■ Aim of the exercise
Every record below should be copied exactly, with the pictures left out.

■ Information provided
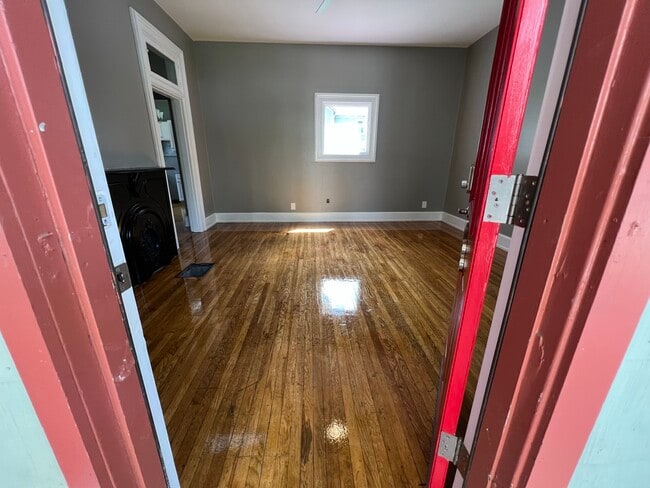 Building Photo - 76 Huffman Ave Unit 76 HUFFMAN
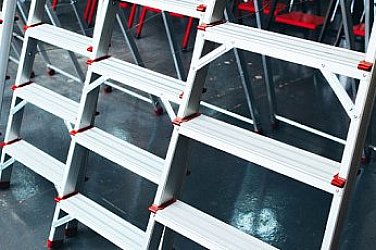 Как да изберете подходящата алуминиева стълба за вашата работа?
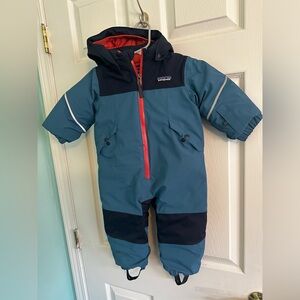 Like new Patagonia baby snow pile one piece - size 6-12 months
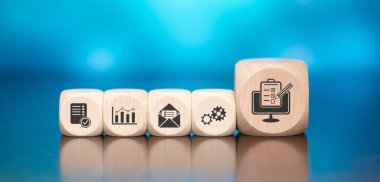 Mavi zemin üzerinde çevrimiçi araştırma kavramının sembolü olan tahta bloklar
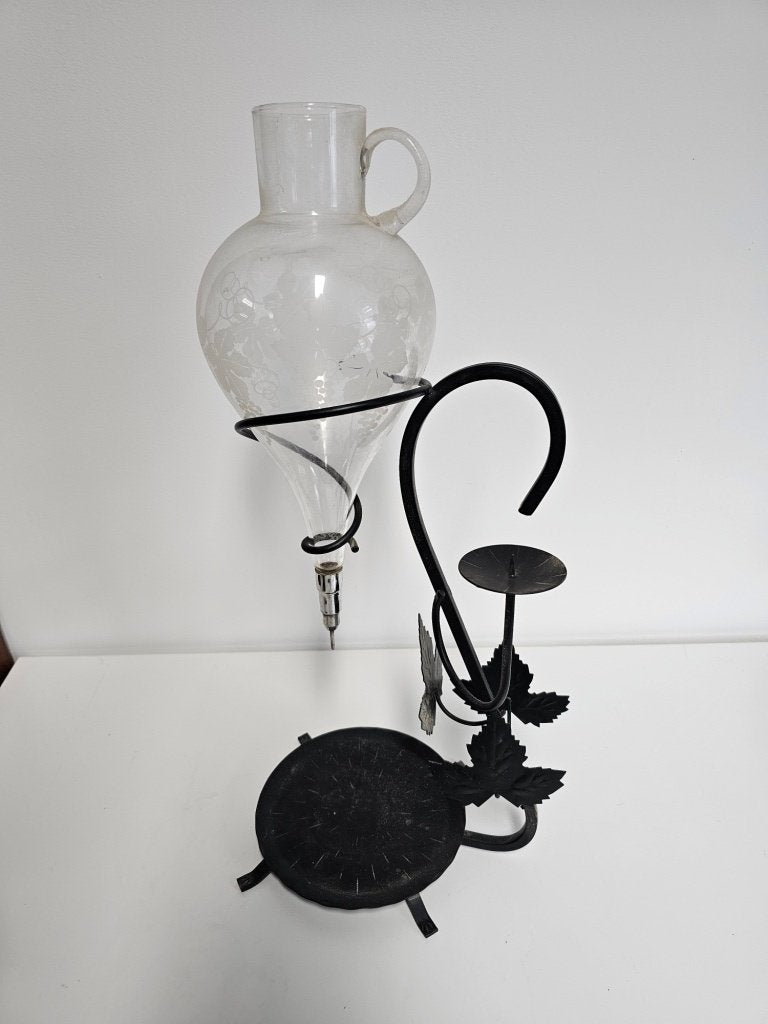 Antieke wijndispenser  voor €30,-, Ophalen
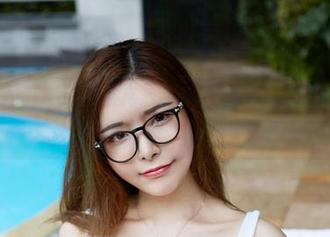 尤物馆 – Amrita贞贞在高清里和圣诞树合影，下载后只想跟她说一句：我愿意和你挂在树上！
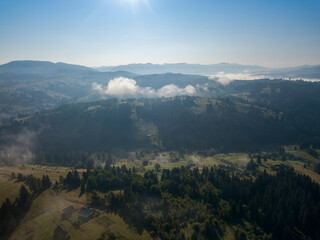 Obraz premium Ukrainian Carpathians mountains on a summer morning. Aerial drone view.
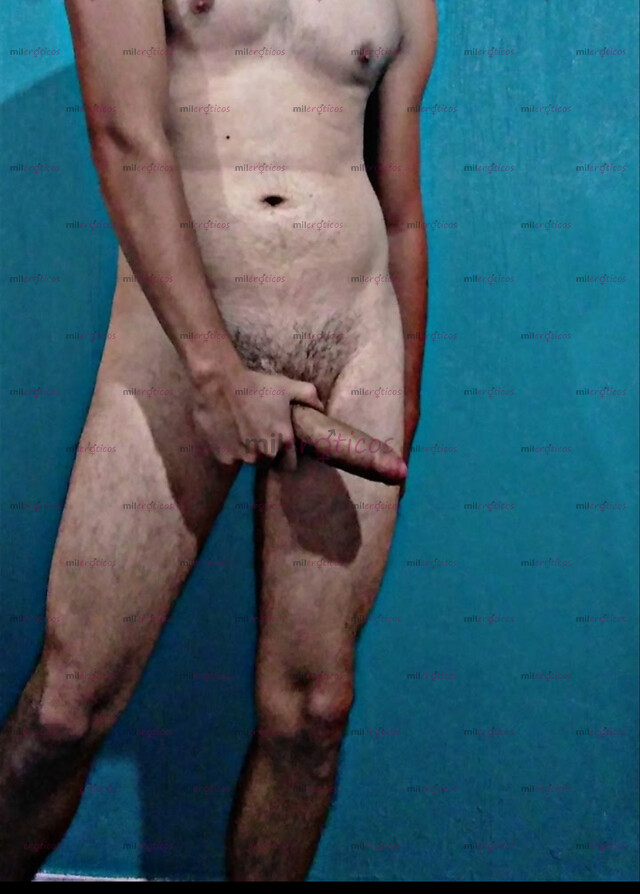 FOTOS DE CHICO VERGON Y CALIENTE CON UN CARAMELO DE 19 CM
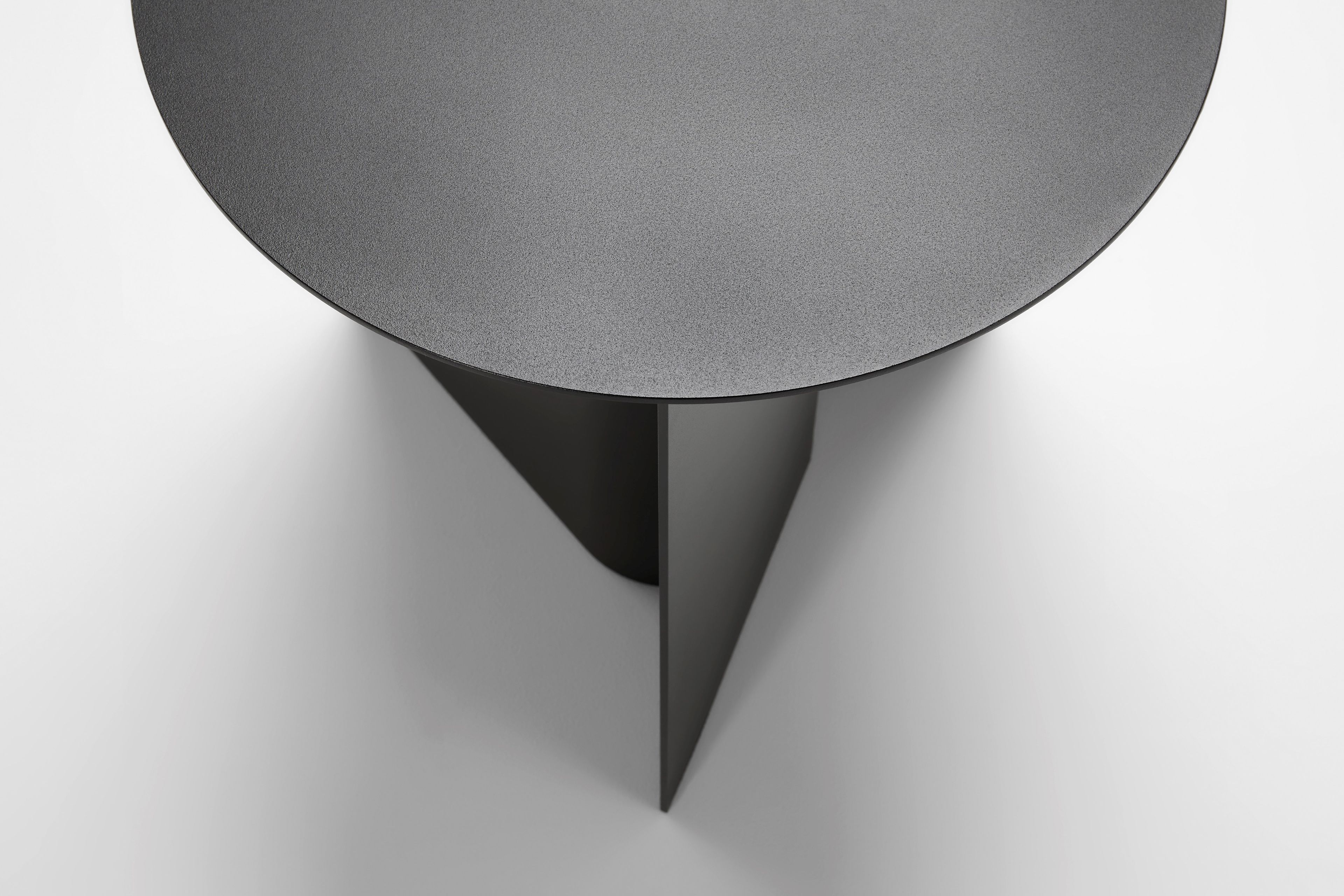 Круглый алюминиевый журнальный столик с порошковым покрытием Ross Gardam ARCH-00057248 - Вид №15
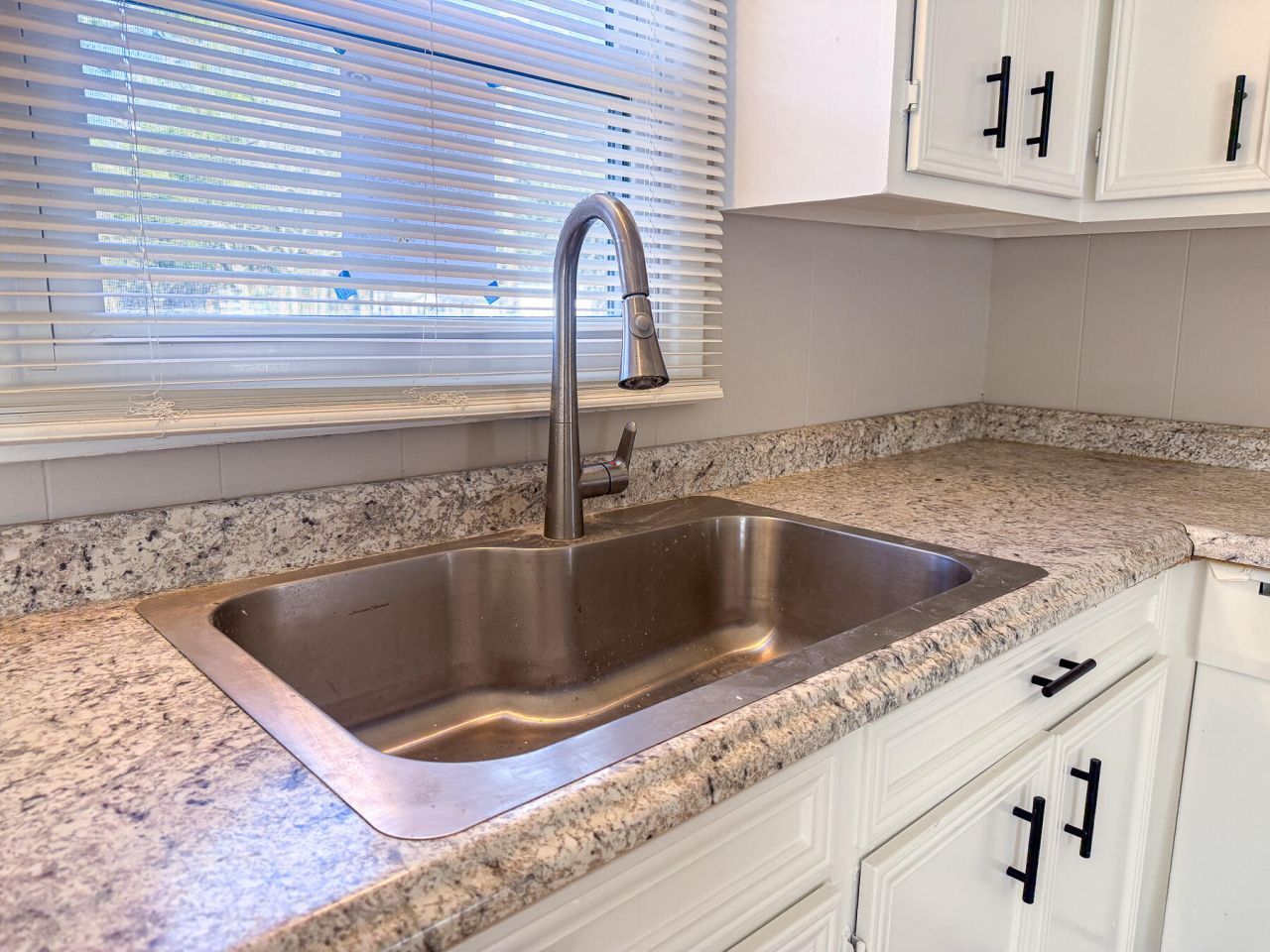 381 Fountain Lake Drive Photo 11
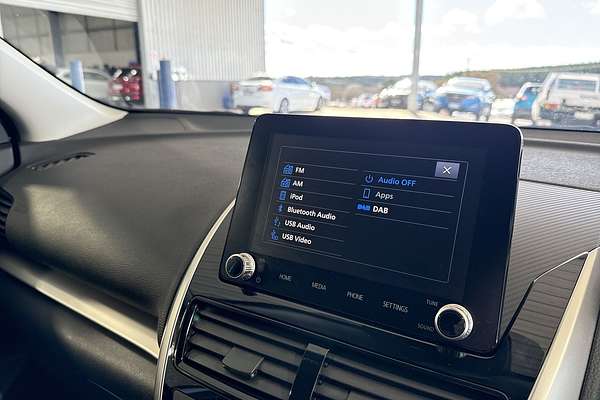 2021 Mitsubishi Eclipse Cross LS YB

■ Solution to the exercise
 Building Photo - 76 Huffman Ave Unit 76 HUFFMAN
 Как да изберете подходящата алуминиева стълба за вашата работа?
 Like new Patagonia baby snow pile one piece - size 6-12 months
 Mavi zemin üzerinde çevrimiçi araştırma kavramının sembolü olan tahta bloklar
 Antieke wijndispenser  voor €30,-, Ophalen
 尤物馆 – Amrita贞贞在高清里和圣诞树合影，下载后只想跟她说一句：我愿意和你挂在树上！
 Obraz premium Ukrainian Carpathians mountains on a summer morning. Aerial drone view.
 FOTOS DE CHICO VERGON Y CALIENTE CON UN CARAMELO DE 19 CM
 Круглый алюминиевый журнальный столик с порошковым покрытием Ross Gardam ARCH-00057248 - Вид №15
 381 Fountain Lake Drive Photo 11
 2021 Mitsubishi Eclipse Cross LS YB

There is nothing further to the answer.